Green Tea: Does it deserve the hype?
Green Tea: Does it deserve the hype?
A little background
Tea is the most widely consumed beverage in the world next to water, with the awareness of the extensive benefits of tea existing for centuries by Asian communities. Green tea fermentation is inhibited through rapid steaming of the leaves, with the final product containing naturally occurring flavonoids and caffeine. Through the manufacturing process of no fermentation, green tea preserves high quantities of a sub-group of flavonoids: the catechin polyphenols. Epigallocatechin gallate (EGCG), epigallocatechin (EGC), epicatechin gallate (ECG) and epicatechin (EC) are the main polyphenols accountable for other beneficial effects such as the antioxidant and anti-mutagenic potential. EGCG is the most abundant and is thought to be the most pharmacologically active catechin. A typical average cup of green tea contains between 100-300 mg of total catechins and 50-90mg of caffeine. It is the Green Tea Extract (GTE) that is taken from the leaves and manufactured into various forms such as capsules, or powdered supplements along with other ‘fat burning’ ingredients.
Does it actually aid in fat burning?
A few studies have looked into the varied levels of catechins within green tea and how they affect long term fat reduction. In a 12 week study, one set of testing subjects were provided with a green tea beverage containing 583mg of catechins to consume every day, along with a control group of the only 96mg of catechins to consume every day (similar to a standard cup of green tea). This study found a greater decrease in body weight, fat mass, visceral fat and subcutaneous fat seen in the high catechin group compared with the low catechin group. These results are even more interesting due to the fact that the caffeine content in both trial groups was very similar. This is also backed by another study that has shown that 24-hour energy expenditure increases further when green tea extract is added to caffeine. This helps draw the conclusion that the fat reduction effects derive from the high levels of catechins within the testing drinks.
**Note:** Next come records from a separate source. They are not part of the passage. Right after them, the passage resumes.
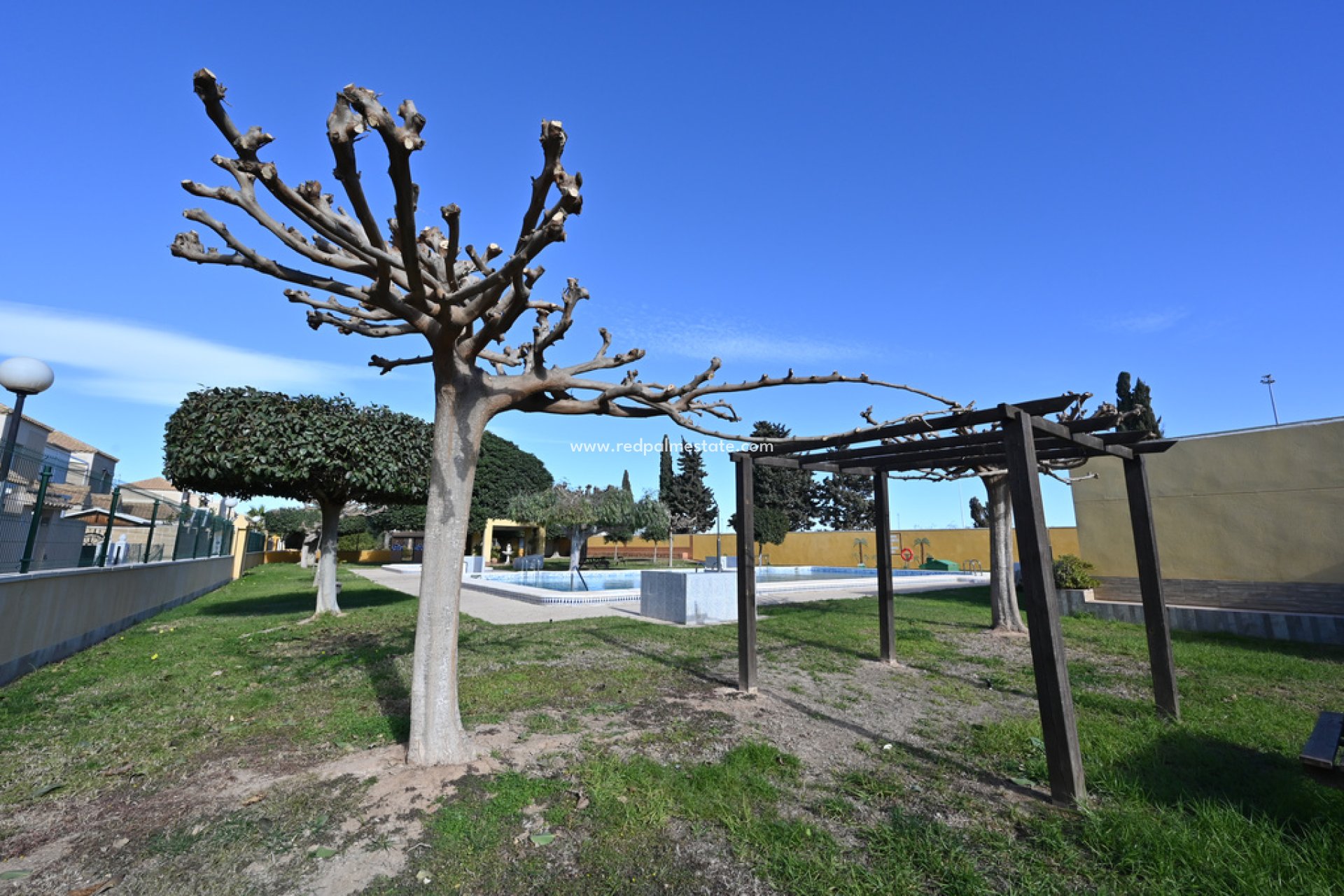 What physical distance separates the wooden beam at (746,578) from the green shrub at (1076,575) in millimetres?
8678

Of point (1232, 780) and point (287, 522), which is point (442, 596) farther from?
point (287, 522)

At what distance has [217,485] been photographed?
10.2 meters

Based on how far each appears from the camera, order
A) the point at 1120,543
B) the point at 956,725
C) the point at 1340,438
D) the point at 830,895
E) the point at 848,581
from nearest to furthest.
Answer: the point at 830,895 → the point at 956,725 → the point at 1340,438 → the point at 1120,543 → the point at 848,581

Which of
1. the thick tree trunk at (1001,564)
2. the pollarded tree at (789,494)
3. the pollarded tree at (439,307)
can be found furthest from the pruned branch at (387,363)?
the pollarded tree at (789,494)

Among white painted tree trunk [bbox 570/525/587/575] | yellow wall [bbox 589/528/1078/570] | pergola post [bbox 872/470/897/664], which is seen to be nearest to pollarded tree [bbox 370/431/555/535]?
white painted tree trunk [bbox 570/525/587/575]

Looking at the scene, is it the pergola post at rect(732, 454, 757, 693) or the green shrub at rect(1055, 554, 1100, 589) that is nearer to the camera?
the pergola post at rect(732, 454, 757, 693)

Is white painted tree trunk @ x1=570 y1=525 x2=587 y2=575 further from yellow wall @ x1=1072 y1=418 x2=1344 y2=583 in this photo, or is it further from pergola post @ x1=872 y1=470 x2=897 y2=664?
yellow wall @ x1=1072 y1=418 x2=1344 y2=583

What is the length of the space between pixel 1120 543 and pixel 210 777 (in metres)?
14.2

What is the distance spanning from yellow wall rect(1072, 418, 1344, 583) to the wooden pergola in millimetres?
5235

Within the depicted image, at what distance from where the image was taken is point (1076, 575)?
1159 cm

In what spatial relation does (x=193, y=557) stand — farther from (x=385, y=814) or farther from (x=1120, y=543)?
(x=1120, y=543)

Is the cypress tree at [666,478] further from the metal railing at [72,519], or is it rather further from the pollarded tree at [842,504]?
the metal railing at [72,519]

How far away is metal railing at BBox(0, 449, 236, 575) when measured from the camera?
6418 mm

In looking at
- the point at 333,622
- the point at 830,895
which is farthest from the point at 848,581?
the point at 830,895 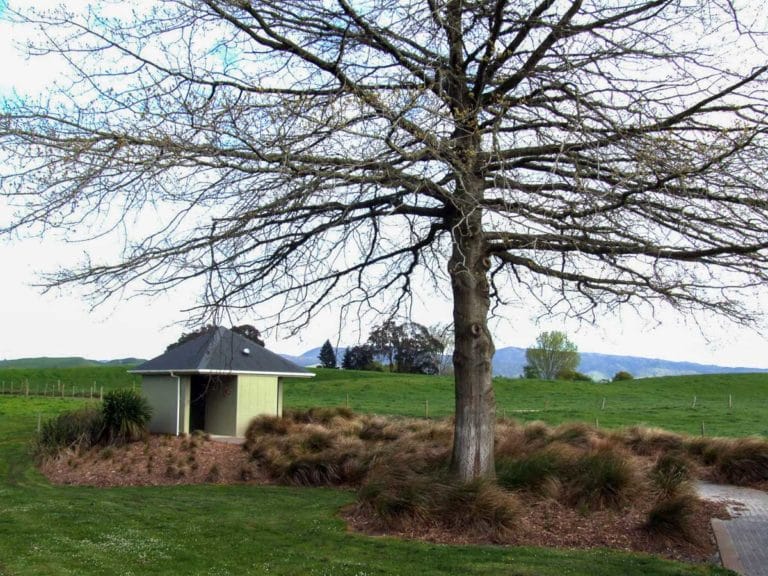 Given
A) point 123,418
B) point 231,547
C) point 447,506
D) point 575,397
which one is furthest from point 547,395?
point 231,547

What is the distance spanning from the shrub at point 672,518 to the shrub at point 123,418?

In other studies, however, it was found that individuals of Asian populations found greater weight loss over a 12 week period (1.51kg) compared to that of Caucasian populations (0.82 kg). It is therefore postulated that these result occurred due to a higher habitual caffeine intake for the Caucasians compared with the Asian populations, potentially caused a possible decrease in sensitivity to the effects of caffeine and catechins through high levels of consumption.
In more acute cases fat oxidation rates (fat burning) during exercise have also found positive effects through GTE administration. In one study, fat oxidation rates during moderate intensity exercise after ingestion of GTE (with no caffeine) in healthy young men. It was found that the ingestion of GTE increased whole-body fat oxidation significantly more than that of a placebo trial, again supporting the fact that GTE effects work independently of caffeine.
It has also been observed that GTE significantly reduced insulin concentrations (the hormone responsible for regulating blood sugars) following an oral glucose tolerance test. This data is significantly important as insulin is by far the most potent inhibitor of lipolysis (fat breakdown) with even a slight increase in plasma insulin suppressing the lipolytic rate by more than 50% below baseline levels.
So how does it work?
It has been known for years that caffeine can increase the fat oxidation process. So without getting too complex here is how it does so. Caffeine stimulates the sympathetic nervous system (SNS) resulting in a rise to the circulating catecholamines: epinephrine (adrenalin) and norepinephrine. These hormones, secreted by the adrenal gland, are the primary mediators of adipocyte (fat cell) lipolysis (fat breakdown) via beta-adrenergic receptor stimulation. This results in more fat being available in the blood to be used as energy in the working muscles.
Another proposed mechanism from the catechins in green tea is through enzyme inhibition of Catechol-O-methyltransferase (COMT). COMT is an intracellular enzyme that has been shown to degrade catechol compounds. GTE ingestion has been exposed to directly inhibit COMT through the resulting high concentrations of EGCG. There is also is a difference in responses to certain populations that may also be due to the wide variability in the activity of COMT, which has shown to vary as much as three fold between individuals and populations.
These synergistic actions of both caffeine and EGCG are suggested to result in the increase rates of fat oxidation following GTE ingestion. The main body of literature suggests that GTE + caffeine can stimulate amplified fat oxidation and reduce body fat over time. However there is shown disparities to these effects depending on habitual caffeine consumption, race or the amounts and distribution of GTE + caffeine mixtures. The high individuality of response and some contradictory research suggest that GTE as an ergogenic aid may not work for everyone looking to reduce body fat.